* Source data:
□ □ □ □

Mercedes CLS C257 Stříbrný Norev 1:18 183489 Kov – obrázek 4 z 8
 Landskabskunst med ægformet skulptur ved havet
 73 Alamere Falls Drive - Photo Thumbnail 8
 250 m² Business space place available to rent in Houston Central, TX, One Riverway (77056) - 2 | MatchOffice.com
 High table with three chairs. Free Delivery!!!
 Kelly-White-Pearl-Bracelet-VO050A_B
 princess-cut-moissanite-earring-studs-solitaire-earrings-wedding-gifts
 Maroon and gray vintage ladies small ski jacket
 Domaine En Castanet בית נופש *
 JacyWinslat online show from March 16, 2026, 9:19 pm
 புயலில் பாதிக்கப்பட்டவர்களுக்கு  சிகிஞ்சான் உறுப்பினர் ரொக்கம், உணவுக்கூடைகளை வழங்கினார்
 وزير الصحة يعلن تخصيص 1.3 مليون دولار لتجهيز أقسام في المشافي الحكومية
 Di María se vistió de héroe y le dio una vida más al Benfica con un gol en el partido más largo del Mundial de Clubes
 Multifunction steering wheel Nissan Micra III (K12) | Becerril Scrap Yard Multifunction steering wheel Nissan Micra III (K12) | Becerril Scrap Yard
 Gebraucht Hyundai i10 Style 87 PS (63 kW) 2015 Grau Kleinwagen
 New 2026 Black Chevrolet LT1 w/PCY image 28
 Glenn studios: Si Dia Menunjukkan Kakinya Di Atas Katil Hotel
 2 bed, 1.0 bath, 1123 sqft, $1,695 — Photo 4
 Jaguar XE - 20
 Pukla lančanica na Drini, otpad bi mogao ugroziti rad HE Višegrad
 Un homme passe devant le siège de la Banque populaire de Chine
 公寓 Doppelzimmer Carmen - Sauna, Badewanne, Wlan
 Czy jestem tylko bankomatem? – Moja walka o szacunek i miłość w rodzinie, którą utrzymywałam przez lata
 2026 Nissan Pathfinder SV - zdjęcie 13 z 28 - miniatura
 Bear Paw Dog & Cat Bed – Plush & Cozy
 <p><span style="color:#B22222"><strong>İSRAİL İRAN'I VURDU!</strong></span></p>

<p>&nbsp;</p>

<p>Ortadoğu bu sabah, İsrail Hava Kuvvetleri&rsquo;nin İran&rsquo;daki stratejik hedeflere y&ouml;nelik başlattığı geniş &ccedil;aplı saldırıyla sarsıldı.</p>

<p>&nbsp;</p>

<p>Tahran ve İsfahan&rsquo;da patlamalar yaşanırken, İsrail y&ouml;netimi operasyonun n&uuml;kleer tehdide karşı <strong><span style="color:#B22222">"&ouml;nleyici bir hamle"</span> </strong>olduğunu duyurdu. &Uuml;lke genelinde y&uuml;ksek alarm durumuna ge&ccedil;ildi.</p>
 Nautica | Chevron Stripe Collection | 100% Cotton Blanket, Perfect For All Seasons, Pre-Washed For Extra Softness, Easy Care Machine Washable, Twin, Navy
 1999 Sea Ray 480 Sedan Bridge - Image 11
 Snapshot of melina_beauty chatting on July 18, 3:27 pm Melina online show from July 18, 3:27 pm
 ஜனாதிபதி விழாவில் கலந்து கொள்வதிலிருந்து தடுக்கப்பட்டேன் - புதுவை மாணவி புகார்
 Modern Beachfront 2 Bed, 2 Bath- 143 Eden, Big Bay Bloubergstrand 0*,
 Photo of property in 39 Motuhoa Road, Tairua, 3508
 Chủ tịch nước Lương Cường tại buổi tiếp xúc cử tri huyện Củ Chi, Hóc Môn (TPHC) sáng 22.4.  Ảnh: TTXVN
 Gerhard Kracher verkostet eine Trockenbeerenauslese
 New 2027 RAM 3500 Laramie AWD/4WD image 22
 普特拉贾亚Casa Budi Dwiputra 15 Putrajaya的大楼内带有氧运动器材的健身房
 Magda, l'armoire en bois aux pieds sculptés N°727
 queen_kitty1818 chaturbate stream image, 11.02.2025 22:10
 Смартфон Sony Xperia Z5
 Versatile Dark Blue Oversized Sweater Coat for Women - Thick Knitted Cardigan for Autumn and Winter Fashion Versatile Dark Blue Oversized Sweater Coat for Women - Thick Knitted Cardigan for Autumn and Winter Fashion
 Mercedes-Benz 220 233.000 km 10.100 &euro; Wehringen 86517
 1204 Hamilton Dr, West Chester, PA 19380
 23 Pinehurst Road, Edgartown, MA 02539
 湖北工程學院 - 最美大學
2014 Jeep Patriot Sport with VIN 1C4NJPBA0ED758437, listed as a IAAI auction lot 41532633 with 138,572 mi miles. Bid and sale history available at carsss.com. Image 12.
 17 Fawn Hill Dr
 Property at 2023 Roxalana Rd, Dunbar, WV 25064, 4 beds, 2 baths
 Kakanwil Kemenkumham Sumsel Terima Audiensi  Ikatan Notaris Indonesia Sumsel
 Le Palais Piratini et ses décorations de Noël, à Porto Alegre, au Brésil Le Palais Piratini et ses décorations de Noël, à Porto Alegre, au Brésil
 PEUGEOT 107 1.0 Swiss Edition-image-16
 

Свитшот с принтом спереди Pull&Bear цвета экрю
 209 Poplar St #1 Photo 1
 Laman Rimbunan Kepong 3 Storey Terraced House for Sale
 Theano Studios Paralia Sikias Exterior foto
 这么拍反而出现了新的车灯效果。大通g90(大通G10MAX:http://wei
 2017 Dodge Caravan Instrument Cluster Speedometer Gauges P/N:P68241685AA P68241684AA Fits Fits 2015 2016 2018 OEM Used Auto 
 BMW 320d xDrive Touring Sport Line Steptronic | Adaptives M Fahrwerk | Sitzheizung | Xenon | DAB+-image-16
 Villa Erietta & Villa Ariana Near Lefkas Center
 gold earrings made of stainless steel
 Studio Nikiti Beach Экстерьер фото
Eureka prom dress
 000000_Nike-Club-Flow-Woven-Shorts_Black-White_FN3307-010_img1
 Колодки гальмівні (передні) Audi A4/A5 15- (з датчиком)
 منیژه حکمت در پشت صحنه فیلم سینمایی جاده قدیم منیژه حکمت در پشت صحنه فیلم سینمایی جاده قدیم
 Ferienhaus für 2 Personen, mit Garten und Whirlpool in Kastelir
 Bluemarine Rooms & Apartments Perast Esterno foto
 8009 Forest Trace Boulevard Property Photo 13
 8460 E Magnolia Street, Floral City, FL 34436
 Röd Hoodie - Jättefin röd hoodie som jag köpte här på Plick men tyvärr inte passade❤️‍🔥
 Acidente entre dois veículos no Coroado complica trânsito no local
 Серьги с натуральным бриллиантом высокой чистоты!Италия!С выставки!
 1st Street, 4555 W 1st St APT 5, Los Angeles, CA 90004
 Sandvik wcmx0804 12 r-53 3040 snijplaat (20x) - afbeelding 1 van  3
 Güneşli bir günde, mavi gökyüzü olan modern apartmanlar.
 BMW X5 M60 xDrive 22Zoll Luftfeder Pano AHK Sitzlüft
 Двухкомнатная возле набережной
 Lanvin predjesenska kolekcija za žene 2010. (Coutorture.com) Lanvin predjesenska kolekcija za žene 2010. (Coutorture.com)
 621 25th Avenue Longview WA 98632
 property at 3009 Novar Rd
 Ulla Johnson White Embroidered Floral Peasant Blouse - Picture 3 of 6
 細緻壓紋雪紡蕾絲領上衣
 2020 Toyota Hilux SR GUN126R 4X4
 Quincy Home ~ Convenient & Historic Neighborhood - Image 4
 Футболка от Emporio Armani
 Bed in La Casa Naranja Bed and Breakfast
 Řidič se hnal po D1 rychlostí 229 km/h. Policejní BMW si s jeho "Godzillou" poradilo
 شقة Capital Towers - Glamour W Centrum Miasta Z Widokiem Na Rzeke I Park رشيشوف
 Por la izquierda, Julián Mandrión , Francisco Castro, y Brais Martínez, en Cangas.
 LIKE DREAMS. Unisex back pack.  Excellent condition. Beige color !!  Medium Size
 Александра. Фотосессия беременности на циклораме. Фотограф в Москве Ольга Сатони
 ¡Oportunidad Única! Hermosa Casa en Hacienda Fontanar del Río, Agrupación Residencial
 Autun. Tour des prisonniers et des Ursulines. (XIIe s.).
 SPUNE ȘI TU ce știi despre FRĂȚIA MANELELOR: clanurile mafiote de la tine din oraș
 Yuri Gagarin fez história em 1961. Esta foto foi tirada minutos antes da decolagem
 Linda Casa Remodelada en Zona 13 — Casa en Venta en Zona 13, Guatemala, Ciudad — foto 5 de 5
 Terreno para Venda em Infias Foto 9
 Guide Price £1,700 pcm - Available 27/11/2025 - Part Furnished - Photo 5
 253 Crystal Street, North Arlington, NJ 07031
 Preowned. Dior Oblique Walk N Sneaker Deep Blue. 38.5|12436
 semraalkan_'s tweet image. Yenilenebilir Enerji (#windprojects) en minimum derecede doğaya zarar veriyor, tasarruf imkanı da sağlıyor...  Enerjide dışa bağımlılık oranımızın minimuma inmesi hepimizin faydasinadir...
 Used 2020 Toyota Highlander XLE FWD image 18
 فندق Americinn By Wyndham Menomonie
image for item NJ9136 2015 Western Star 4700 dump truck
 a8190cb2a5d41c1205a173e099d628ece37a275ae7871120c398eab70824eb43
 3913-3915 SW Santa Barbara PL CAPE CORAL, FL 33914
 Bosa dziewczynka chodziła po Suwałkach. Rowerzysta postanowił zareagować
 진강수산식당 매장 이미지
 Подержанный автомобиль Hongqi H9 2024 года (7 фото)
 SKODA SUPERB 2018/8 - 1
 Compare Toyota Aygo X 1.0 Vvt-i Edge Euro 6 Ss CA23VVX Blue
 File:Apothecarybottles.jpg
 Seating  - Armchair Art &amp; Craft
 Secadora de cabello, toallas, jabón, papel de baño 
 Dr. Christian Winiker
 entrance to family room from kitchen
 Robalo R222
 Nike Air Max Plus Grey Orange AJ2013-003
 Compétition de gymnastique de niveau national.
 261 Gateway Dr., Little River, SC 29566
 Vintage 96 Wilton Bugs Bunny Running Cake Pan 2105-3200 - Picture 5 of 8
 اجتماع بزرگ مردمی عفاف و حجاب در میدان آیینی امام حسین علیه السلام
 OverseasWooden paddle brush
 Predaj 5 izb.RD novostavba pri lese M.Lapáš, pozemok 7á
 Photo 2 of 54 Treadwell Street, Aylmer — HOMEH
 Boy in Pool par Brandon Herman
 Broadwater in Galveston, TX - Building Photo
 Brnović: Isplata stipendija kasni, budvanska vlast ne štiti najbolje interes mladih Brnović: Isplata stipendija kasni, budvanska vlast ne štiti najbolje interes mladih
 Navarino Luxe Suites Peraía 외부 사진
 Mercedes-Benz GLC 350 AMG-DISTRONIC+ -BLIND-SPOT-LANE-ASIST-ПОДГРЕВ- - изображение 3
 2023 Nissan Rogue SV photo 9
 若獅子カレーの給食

□ □ □ □

* EXERCISE DIRECTIONS: Where a line of the entries contains "Toyota", report that line.

* SOLUTION FOR THIS PROBLEM:
 2020 Toyota Hilux SR GUN126R 4X4
 Used 2020 Toyota Highlander XLE FWD image 18
 Compare Toyota Aygo X 1.0 Vvt-i Edge Euro 6 Ss CA23VVX Blue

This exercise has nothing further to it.